Improving your company's profitability by increasing productivity in today's global market is paramount. After all, you're competing with countries such as China and India that are getting better results with lower costs.

Whether it's integrating your processes, enhancing your marketing capacity with a customer database, better managing your receivables or improving supply chain management, the right technology enables you to dramatically improve how you run your business. Although it sometimes requires a significant investment, the long-term advantages ultimately far outweigh the initial costs.

Some typical applications
The best way to improve your business performance is to target internal processes that are managed individually and aim to manage all processes in an integrated way. These could be payroll, accounting, customer relationships, inventory control, production control, and communications to employees or clients. Here are some of the most common applications that you will find on the market:

ERP and accounting system
ERP stands for Enterprise Resources Planning.  This type of application was developed in the 90s and it has been used by small and large organizations around the world. ERP enables companies to break down traditional business silos, replacing them with tightly integrated structures including processes, human resources, technology and organization strategy. Typical application modules of an ERP are accounting, sales-marketing-client management, purchasing management, production management, costing, inventory control, and human resources management.

Supply chain management
The supply chain basically refers to all of the steps involved in getting a product or service to your customer. Apart from making sure that your own company is operating efficiently, you also have to ensure that other aspects of your supply chain, such as outsider suppliers, are also performing optimally. Supply chain software helps you automate your processes, and track information about orders and deliveries. For example, you could forecast demand and supply more accurately and be sure that your inventory can cover client orders.

Some of the benefits include:

  • Reducing errors by moving away from manual transactions
  • Speeding up delivery to customers and tracking their orders
  • Reducing warehouse space by improving inventory control
  • Lowering the costs of administration by using electronic means


Customer relationship management
A term often used in e-business is customer relationship management or CRM. CRM basically uses technology to give you more insight into customer needs and behaviour and to better manage your relationship with clients. For example, some companies use it to create personalized call centres where technology recognizes in-coming phone numbers and automatically calls up customer information for the representative taking the call. A CRM system could also allow travelling sales and repair personnel to use mobile wireless transfers to punch up information about customers.
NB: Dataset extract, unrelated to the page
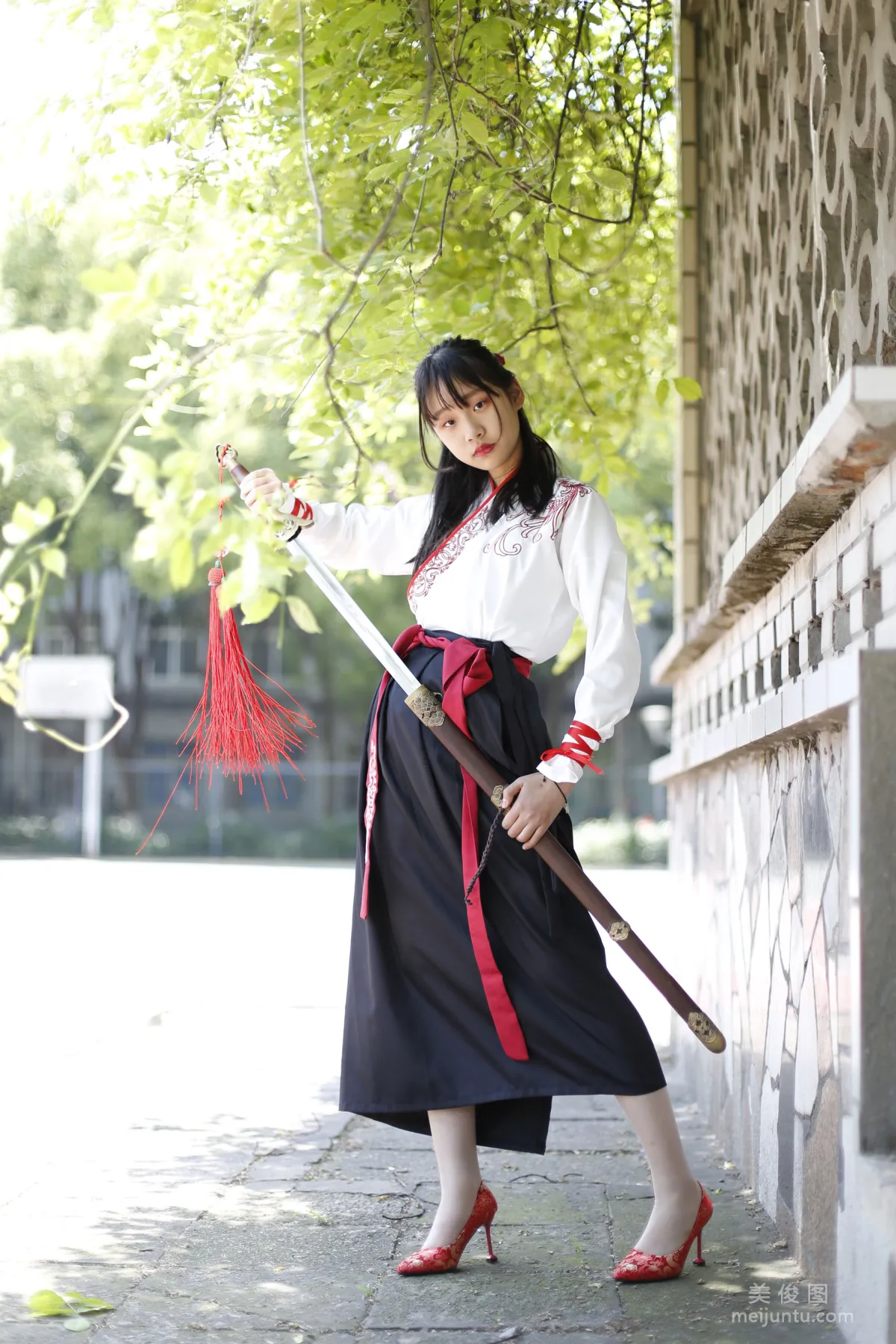 [奈丝] NO.085 蛋白粉 - 汉服#侠骨柔情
Some of the benefits include:

  • Better anticipating needs of clients based on historic trends
  • Targeted marketing that effectively reaches specific audiences
  • Increased sales through better client relationships

If CRM technology is not within your budget, then you can simply apply the basic practices. For example, in most businesses, entrepreneurs contact and deal with customers through a variety of different means including email, faxes, phone calls and letters. Putting this information together can help you improve customer service:

  • Keep track of how you're dealing with your customers (who said what to whom and when) with a simple spreadsheet.
  • Identify your top clients so that you can offer them special promotions.
  • Use the information to customize your products to the specific needs of customers.
  • Use the information to target value-added newsletters to specific clients.

Web 2.0
This is the evolution of the Web and electronic commerce; Web 2.0 is a concept supported by new technology.  It includes networking, blogs, podcasts and online social networks. SMEs can tap into technologies that enable them to communicate with customers and partners and encourage collaboration internally.

Peer-to-peer networking also known as P2P
Business owners can use this tool to share files with other companies and suppliers. This could be used to improve your supply chain and procurement process. For example, a company and its supplier could communicate using web services and update each other's inventory and respective catalogues that can then be integrated with their respective ERPs. This type of integration reduces cost of operation, increases productivity and reduces human errors.

Podcasts or video recordings
Entrepreneurs can rely on this medium to communicate to employees or specific customer groups and promote new products or features.

RSS (Really Simple Syndication)
You could have customers subscribe to online news, blogs or podcasts and deliver up-to-date information on what's going on in your business.

Social networking systems
These can be set up internally to enable employees to exchange information, skills and knowledge. You could use this type of technology to design, develop and innovate with your business products and processes.

Database management
Databases enable you to manage information in a systematic and controlled way. The simplest example would be a customer mailing list, which you might need to update on a regular basis. A common term used today is the relational database management system, which electronically links various aspects of your business. For instance, a customer could be associated with a specific product or service that they regularly purchase. In turn, your business could keep track of customer behaviour and ensure that specific marketing targets this client.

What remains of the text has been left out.